> [About this exercise]: Wherever "Vintage" appears in the records below, copy the line that holds it.
Exercise data Block Start
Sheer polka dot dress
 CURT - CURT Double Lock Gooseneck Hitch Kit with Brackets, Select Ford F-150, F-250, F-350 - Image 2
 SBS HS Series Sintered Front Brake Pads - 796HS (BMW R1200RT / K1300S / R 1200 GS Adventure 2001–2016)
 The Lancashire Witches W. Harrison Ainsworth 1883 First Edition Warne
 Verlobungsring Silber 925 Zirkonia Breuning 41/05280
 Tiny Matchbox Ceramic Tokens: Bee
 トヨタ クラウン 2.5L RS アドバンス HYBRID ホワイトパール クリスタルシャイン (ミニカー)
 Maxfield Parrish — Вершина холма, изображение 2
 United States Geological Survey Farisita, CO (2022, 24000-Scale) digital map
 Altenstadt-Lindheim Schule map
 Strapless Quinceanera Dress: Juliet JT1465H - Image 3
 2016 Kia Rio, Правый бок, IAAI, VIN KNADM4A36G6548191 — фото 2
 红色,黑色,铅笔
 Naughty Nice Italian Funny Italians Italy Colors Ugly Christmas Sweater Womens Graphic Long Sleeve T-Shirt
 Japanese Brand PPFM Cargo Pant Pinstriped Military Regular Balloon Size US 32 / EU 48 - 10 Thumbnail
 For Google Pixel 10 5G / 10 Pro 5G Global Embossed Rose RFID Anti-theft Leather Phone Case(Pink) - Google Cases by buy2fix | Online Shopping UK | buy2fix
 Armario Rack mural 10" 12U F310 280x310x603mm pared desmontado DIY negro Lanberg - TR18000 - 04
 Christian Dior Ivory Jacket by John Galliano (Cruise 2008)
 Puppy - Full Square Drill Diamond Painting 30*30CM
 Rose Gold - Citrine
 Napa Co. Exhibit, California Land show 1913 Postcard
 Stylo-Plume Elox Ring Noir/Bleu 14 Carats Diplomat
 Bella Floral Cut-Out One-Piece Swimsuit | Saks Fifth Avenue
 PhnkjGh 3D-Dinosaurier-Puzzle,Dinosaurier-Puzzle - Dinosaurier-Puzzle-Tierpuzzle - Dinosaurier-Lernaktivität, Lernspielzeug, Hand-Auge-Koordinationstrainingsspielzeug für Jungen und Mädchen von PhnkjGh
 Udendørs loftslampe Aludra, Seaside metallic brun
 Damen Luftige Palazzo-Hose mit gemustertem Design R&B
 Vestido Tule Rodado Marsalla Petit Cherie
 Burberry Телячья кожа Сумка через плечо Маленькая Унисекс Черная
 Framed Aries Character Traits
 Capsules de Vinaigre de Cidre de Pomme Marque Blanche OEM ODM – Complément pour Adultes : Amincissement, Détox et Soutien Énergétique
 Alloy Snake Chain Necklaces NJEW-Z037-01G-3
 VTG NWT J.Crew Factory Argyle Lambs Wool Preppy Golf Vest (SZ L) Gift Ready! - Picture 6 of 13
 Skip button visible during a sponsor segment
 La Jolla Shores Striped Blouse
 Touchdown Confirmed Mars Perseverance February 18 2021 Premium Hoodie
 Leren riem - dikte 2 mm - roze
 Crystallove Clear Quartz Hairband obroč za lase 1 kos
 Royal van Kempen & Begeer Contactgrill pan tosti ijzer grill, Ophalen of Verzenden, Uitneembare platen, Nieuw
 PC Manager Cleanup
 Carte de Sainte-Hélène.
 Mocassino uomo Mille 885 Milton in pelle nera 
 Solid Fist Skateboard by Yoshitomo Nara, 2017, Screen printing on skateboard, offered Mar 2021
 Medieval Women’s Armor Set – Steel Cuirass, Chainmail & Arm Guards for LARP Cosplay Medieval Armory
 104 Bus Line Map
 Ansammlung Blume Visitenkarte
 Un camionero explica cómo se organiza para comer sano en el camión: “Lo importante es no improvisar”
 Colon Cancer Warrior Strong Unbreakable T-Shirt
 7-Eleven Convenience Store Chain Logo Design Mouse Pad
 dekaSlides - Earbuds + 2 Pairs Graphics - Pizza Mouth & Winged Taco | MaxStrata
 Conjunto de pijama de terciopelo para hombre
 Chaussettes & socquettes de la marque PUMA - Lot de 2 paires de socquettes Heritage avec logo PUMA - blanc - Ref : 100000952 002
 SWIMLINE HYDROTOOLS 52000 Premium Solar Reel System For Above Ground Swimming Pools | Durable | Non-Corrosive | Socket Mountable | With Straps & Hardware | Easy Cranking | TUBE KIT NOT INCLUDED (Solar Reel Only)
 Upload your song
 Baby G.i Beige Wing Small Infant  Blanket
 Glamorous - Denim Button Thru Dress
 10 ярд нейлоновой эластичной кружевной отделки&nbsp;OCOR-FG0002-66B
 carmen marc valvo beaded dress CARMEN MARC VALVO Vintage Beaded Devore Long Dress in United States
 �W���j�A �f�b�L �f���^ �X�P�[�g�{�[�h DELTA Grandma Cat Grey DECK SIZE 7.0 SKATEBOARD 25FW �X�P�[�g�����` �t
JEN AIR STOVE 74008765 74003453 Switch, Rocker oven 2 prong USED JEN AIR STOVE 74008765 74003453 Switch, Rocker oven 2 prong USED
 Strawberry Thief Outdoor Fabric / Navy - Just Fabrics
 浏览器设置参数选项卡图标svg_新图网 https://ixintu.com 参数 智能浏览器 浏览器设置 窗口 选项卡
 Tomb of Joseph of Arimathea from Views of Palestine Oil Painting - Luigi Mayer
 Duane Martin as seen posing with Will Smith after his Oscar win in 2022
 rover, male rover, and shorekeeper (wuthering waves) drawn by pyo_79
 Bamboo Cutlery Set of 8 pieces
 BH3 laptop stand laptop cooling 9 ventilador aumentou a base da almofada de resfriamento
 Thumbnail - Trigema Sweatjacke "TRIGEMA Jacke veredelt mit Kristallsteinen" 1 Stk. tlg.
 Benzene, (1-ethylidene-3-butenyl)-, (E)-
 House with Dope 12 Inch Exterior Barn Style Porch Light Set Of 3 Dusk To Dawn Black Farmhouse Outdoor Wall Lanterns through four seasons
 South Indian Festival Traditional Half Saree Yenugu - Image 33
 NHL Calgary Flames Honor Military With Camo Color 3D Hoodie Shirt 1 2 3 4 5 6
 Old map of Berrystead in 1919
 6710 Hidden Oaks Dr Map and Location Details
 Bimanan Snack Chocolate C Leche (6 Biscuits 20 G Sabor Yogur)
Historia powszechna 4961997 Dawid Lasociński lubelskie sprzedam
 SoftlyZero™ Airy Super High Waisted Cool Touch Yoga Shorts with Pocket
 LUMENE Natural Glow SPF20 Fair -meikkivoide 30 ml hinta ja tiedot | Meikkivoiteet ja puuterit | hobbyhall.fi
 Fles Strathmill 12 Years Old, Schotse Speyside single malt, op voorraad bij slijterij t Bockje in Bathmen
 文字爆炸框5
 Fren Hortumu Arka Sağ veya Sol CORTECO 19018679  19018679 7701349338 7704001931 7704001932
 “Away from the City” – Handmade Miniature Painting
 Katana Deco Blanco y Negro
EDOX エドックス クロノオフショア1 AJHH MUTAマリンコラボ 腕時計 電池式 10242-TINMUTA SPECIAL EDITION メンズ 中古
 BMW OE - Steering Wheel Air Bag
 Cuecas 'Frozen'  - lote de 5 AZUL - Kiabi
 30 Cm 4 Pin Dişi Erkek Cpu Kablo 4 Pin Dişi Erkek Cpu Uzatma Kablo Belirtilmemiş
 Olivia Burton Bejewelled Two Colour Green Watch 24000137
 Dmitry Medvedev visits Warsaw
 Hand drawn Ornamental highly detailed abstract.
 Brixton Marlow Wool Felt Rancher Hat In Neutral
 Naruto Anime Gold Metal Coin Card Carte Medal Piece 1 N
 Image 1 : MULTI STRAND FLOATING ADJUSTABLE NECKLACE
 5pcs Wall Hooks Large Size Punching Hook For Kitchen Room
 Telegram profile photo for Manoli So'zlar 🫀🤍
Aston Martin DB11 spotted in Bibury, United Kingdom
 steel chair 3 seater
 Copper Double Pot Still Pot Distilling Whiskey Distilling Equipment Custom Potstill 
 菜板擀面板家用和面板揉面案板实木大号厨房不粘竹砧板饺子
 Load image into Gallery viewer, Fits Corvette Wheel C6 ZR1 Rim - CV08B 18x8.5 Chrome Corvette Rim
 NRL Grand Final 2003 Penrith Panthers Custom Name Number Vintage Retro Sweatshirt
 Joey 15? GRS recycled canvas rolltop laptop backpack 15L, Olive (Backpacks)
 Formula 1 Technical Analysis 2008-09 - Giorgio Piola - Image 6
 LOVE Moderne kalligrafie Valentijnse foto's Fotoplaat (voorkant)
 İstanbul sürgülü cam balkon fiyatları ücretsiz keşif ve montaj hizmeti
Exercise data Block End
> [Result for this task]:
 carmen marc valvo beaded dress CARMEN MARC VALVO Vintage Beaded Devore Long Dress in United States
 NRL Grand Final 2003 Penrith Panthers Custom Name Number Vintage Retro Sweatshirt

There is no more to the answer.